By Patricia Tanumihardja, Pickles and Tea
10 ounces graham crackers (I used Marie biscuits, you should have about 2 cups of crumbs)
6 tablespoons soft unsalted butter
13-ounce jar Nutella, at room temperature
2 (8-ounce) boxes Neufchâtel, cheese at room temperature
1/2 cup powdered sugar, sifted
1. To make the crust, break the crackers into the bowl of a food processor. Pulse with the butter and 1 tablespoon Nutella until the mixture is grainy and clumps together like damp sand. For a gadget-free (I hope a rolling pin qualifies) version, follow my instructions for Calamansi No-Bake Cloud Pie crust.
2. Using your hands, dump the mixture into a greased 9-inch round springform pan and press to form a crust. Chill in the fridge. If you don’t have a springform, line a pie plate with parchment like I did.

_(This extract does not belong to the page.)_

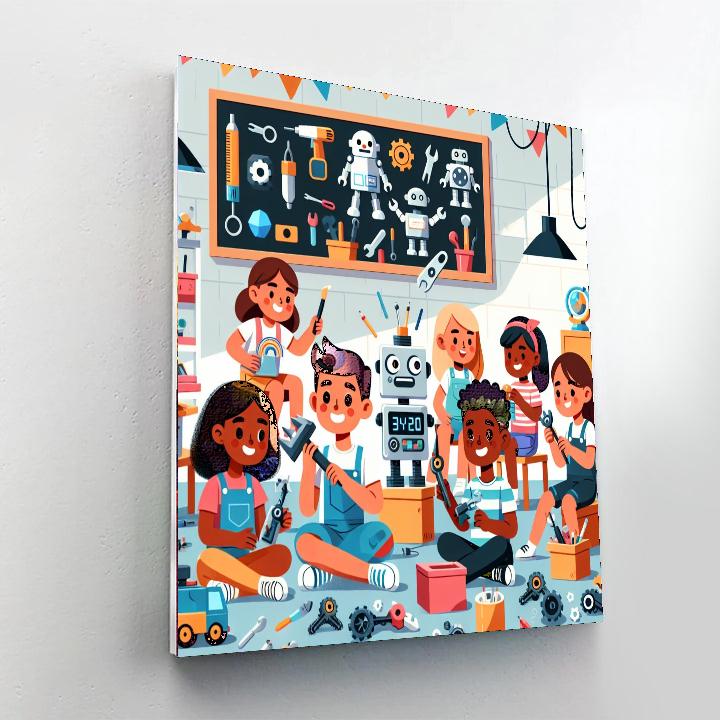 Robot Building Workshop Number Painting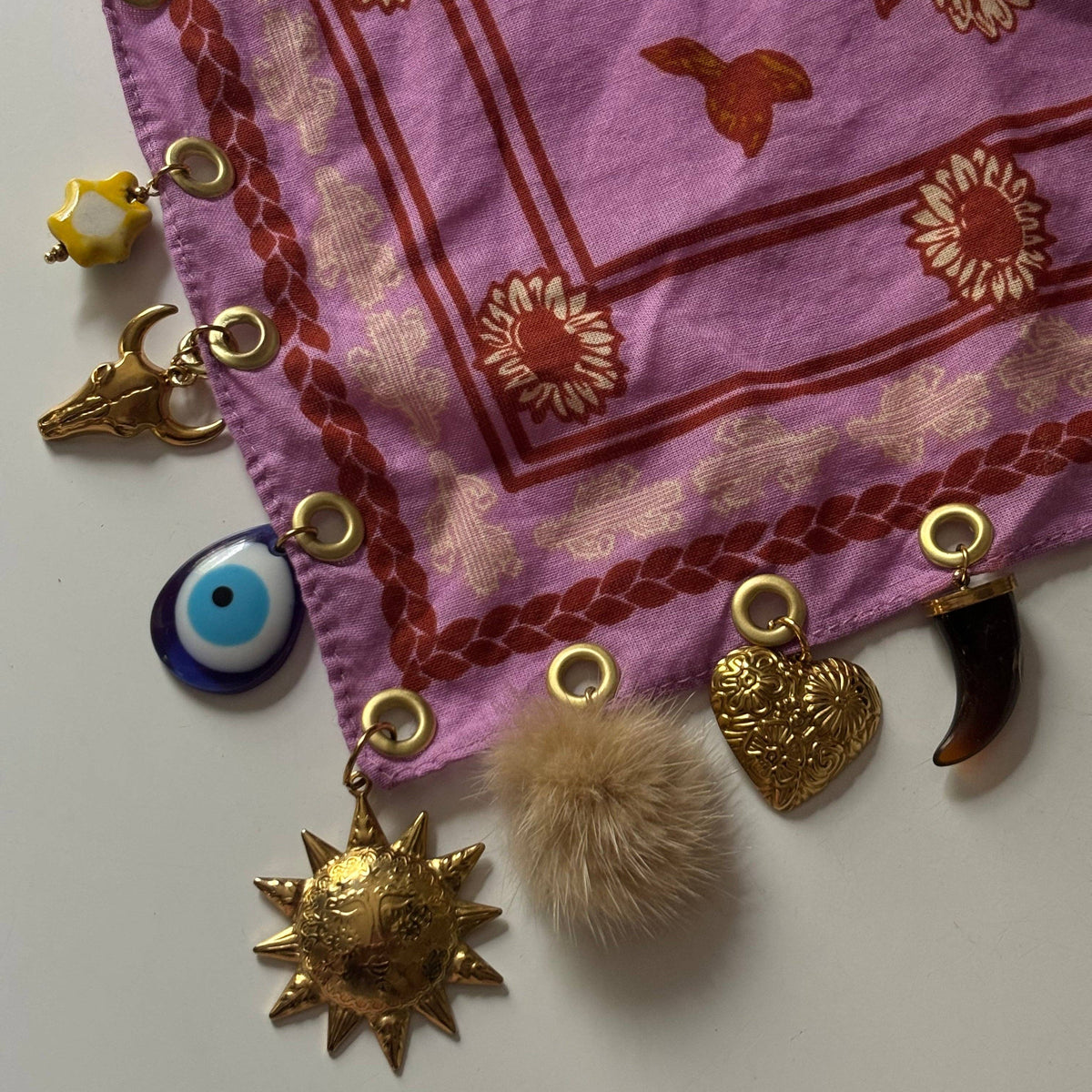 Purple Bandana Necklace Charm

3. Stir and beat the cheese and sugar together until smooth. Add the rest of the Nutella (yes, all of it!) and stir and beat until there’s no more white to be seen. I did this by hand but use a hand mixer on low if you prefer.4. Take the crust out of the fridge and smooth the Nutella mixture over the crust with a spatula. Chill at least four hours. Dip your knife in water before cutting and serve straight from the fridge for best results.